··· Records supplied ···

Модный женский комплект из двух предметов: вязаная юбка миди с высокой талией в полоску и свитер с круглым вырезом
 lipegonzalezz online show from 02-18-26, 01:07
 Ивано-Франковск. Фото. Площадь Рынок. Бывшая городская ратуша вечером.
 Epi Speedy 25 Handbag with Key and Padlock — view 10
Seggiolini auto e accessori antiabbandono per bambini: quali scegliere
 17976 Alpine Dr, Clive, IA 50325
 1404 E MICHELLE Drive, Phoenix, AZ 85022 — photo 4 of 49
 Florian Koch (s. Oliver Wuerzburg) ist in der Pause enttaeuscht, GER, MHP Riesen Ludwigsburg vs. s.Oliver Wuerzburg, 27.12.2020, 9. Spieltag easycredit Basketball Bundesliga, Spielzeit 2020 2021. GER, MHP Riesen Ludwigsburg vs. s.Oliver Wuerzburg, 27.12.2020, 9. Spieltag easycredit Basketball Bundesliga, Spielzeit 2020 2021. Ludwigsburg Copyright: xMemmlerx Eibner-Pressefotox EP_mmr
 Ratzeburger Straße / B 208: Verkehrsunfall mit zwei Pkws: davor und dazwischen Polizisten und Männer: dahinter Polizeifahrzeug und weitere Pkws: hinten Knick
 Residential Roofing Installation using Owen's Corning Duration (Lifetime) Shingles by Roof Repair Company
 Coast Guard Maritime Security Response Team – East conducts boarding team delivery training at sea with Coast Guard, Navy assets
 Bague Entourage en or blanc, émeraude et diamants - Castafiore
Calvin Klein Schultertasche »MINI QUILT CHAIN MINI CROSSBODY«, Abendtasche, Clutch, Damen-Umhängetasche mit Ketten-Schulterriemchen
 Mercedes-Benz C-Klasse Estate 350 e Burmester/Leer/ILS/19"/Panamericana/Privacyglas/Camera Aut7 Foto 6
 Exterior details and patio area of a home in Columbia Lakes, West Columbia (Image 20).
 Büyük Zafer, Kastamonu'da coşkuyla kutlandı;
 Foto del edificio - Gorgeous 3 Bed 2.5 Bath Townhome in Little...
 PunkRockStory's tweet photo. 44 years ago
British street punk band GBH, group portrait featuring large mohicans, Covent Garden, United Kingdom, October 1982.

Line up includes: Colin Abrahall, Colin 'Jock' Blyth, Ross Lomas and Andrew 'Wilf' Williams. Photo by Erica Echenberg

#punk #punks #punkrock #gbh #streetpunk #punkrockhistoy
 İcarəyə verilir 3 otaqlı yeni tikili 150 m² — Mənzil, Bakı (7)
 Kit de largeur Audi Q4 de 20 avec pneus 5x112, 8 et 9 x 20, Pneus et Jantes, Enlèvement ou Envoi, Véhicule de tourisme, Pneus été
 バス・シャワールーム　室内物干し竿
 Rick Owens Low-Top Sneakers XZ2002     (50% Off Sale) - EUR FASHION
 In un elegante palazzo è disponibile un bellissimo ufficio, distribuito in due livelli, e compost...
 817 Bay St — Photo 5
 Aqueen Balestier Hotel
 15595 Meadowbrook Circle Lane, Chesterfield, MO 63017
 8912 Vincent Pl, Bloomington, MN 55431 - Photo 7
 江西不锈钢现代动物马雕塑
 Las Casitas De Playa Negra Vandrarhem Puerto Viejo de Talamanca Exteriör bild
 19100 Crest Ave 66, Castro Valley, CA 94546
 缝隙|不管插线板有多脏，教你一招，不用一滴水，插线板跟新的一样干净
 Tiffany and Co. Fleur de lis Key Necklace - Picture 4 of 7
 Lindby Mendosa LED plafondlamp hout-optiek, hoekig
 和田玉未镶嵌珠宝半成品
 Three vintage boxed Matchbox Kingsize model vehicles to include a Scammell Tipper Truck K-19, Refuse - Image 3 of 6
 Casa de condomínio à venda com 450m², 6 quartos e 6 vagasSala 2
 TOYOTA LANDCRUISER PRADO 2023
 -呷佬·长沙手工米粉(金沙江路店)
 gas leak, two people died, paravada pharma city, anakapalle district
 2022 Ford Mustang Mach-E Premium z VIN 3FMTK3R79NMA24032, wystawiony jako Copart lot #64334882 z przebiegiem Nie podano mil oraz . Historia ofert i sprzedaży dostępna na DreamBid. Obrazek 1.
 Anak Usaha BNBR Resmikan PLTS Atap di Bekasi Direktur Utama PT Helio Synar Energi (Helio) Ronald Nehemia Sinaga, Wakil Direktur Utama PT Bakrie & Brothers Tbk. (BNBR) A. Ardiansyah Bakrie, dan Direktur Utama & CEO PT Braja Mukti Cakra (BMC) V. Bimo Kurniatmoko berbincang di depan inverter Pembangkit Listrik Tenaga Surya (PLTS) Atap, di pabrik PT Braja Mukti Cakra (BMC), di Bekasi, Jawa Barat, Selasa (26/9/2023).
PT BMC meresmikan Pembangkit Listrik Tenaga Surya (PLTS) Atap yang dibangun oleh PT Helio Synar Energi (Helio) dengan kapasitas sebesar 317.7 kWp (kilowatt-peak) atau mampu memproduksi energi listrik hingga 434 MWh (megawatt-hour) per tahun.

···

**Your instructions**
Wherever the string "Image" appears in the entries, copy that line.

**Response to the exercise**
 Exterior details and patio area of a home in Columbia Lakes, West Columbia (Image 20).
 Three vintage boxed Matchbox Kingsize model vehicles to include a Scammell Tipper Truck K-19, Refuse - Image 3 of 6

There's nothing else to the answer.